#### GIVEN INFORMATION
[Start of Attachment]
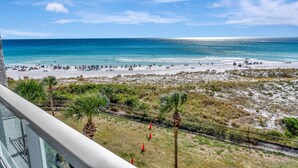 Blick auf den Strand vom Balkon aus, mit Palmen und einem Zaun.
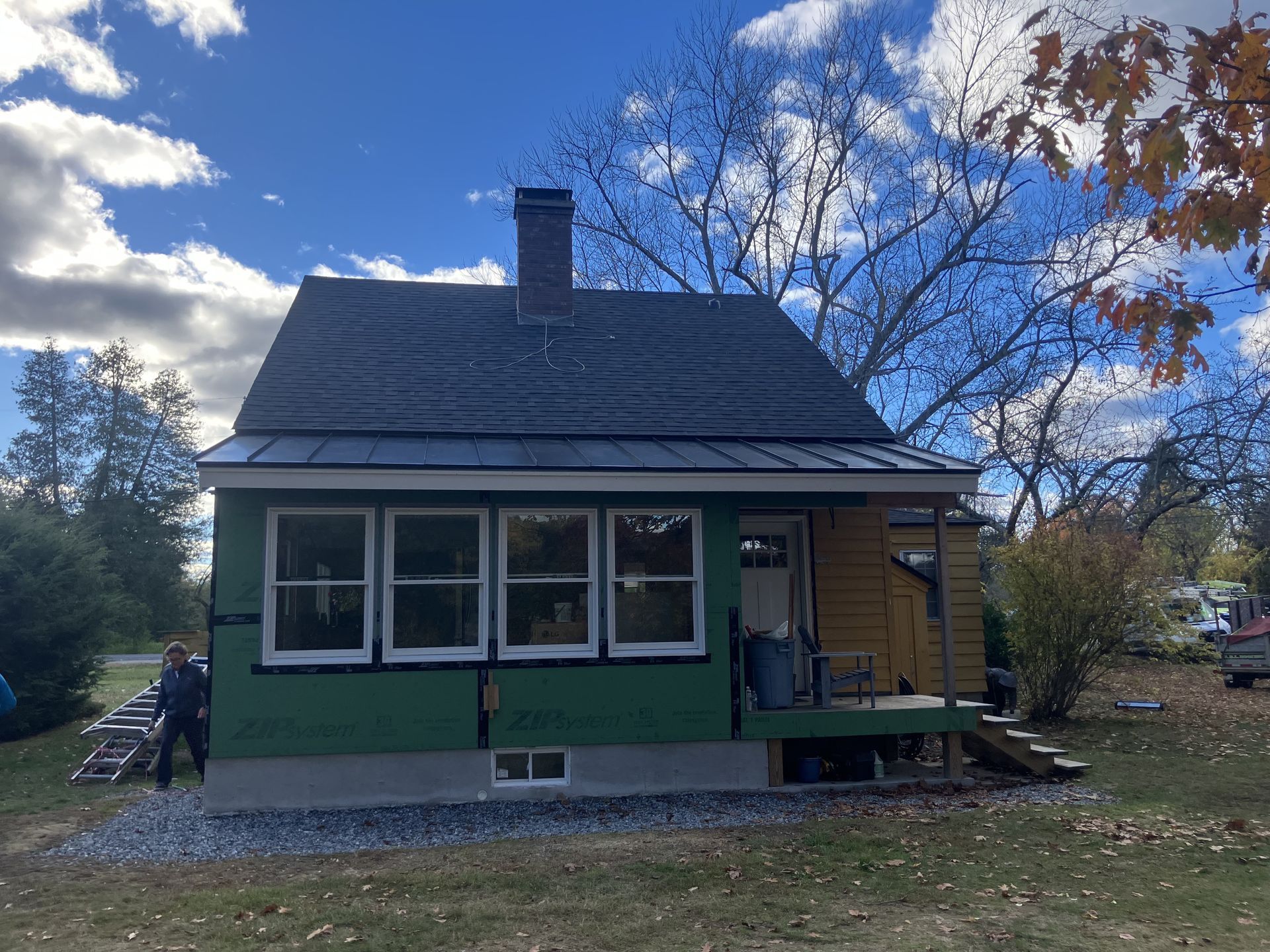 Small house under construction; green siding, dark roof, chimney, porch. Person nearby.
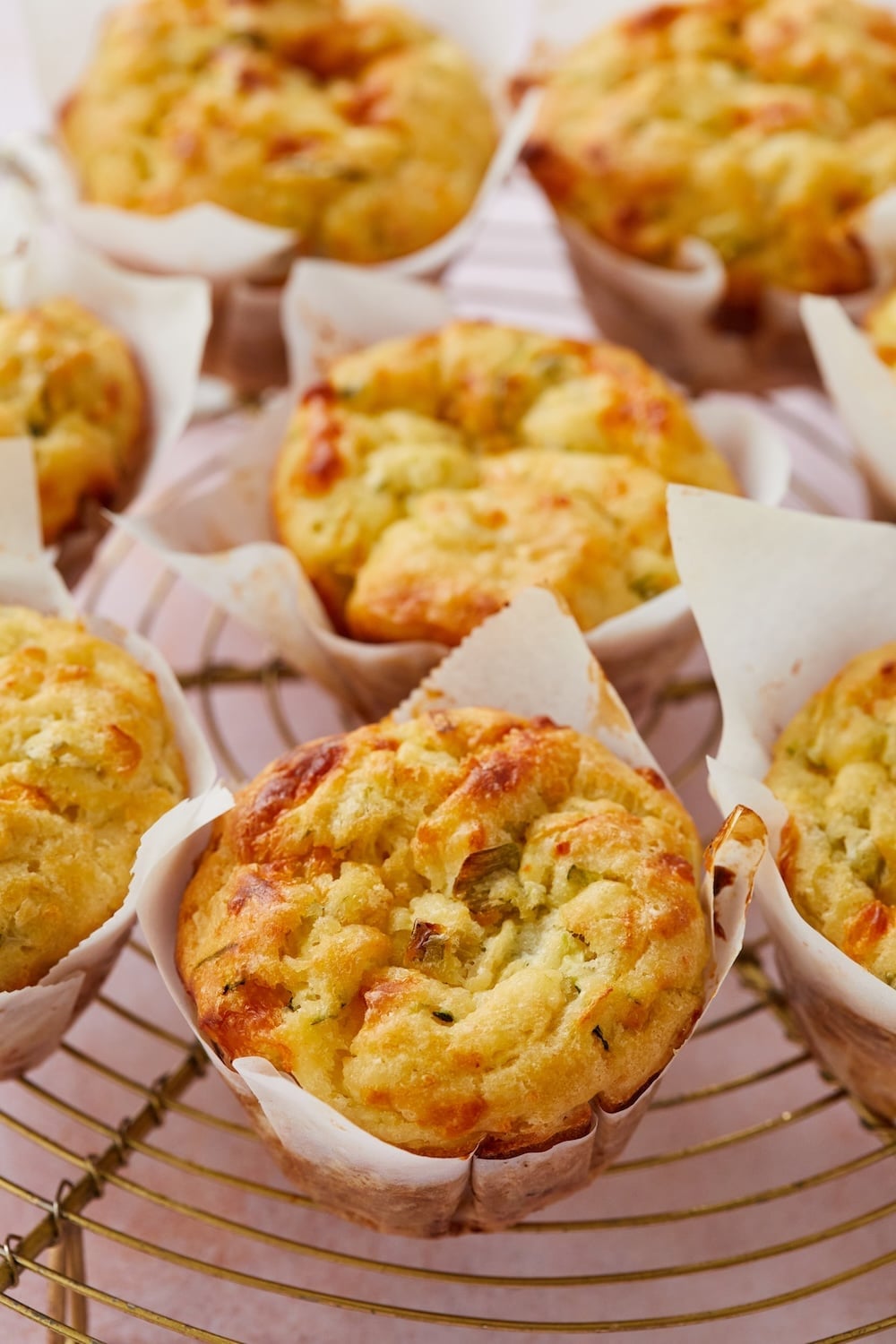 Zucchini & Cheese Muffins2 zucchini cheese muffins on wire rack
[End of Attachment]
[Start of Attachment]
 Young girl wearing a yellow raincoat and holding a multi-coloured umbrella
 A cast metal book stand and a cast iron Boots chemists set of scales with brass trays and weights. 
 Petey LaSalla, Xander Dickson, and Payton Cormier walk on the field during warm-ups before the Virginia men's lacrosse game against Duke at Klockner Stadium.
[End of Attachment]
#### TASK DETAILS
A verbatim transcription is needed of the lines above, starting at the line with "Young girl wearing" and ending at the line with "A cast metal", both included, and of nothing else.

#### SOLUTION FOR THIS EXERCISE
 Young girl wearing a yellow raincoat and holding a multi-coloured umbrella
 A cast metal book stand and a cast iron Boots chemists set of scales with brass trays and weights. 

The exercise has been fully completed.